● **Directions**: Output the span of lines from the one that contains "2025 Can-Am® Maverick" through the end of the records, inclusive, exactly as written and free of pictures.

(Beginning of Supplied data)

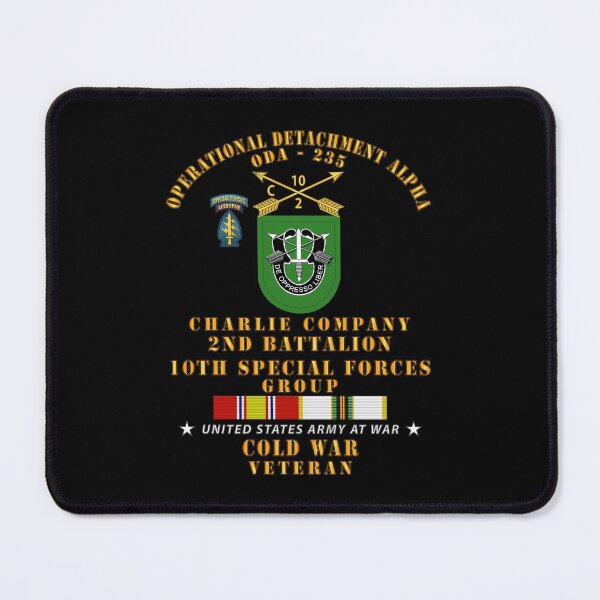 Item preview, Army - ODA 235 - C Co, 2nd Bn 10th SFG w COLD SVC designed and sold by Military Insignia Products.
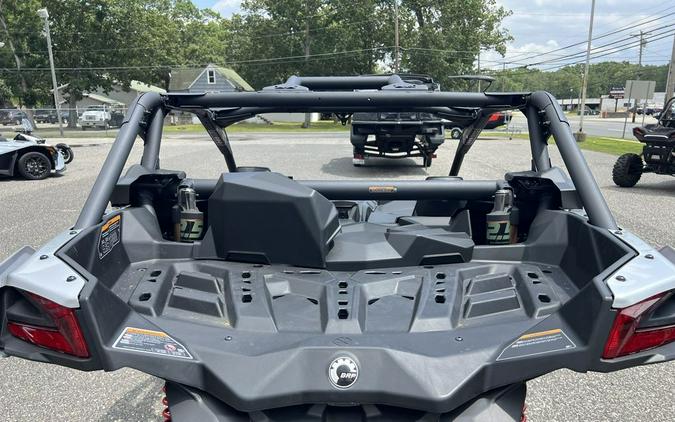 2025 Can-Am® Maverick X3 DS Turbo RR Fiery Red & Hyper Silver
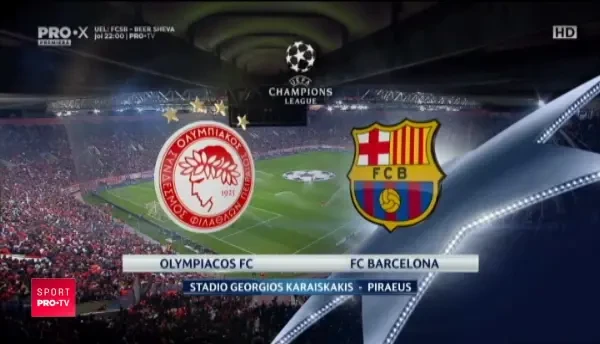 Olympiakos 0-0 Barcelona | REZUMAT VIDEO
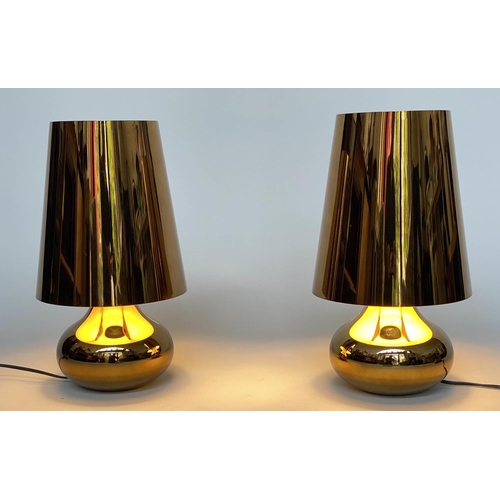 299 - KARTELL LAMPS, a pair, gold 'Cindy' table lamps, 42cm H. (2)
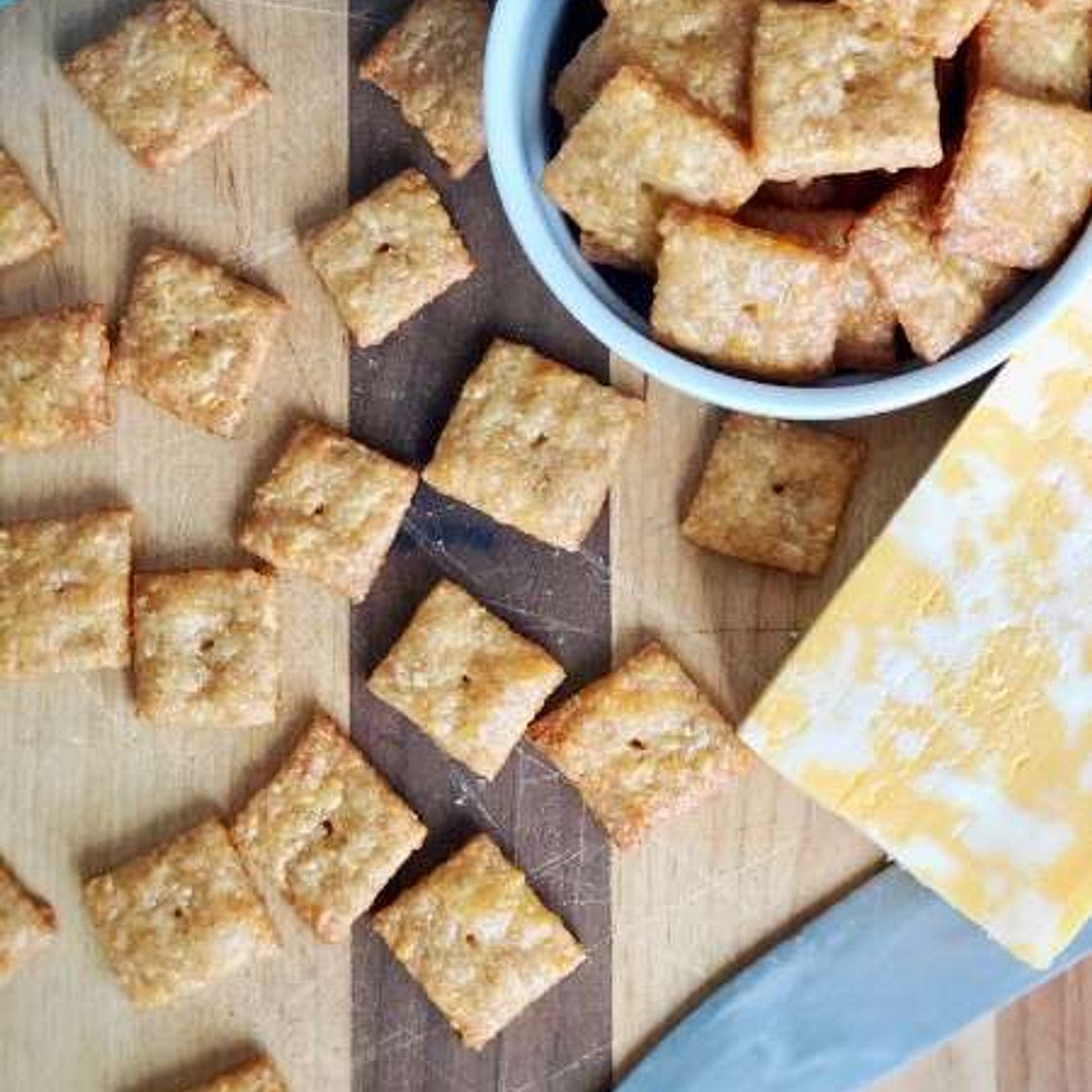 Cheesy Einkorn Crackers | Einkorn.com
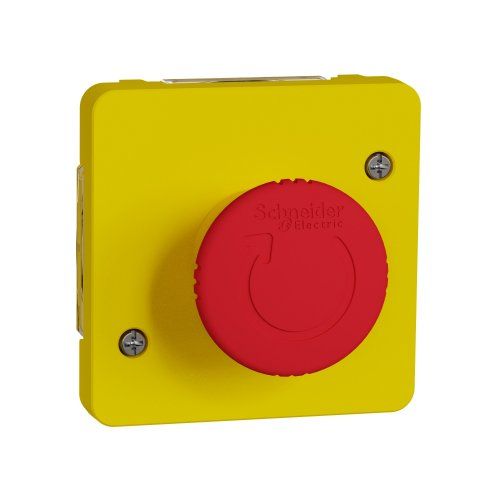Механизм аварийного выключателя с поворотным регулятором IP55, желтый, Mureva Styl Schneider MUR3505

(End of Supplied data)

● **Task output**:
 2025 Can-Am® Maverick X3 DS Turbo RR Fiery Red & Hyper Silver
 Olympiakos 0-0 Barcelona | REZUMAT VIDEO
 299 - KARTELL LAMPS, a pair, gold 'Cindy' table lamps, 42cm H. (2)
 Cheesy Einkorn Crackers | Einkorn.com
Механизм аварийного выключателя с поворотным регулятором IP55, желтый, Mureva Styl Schneider MUR3505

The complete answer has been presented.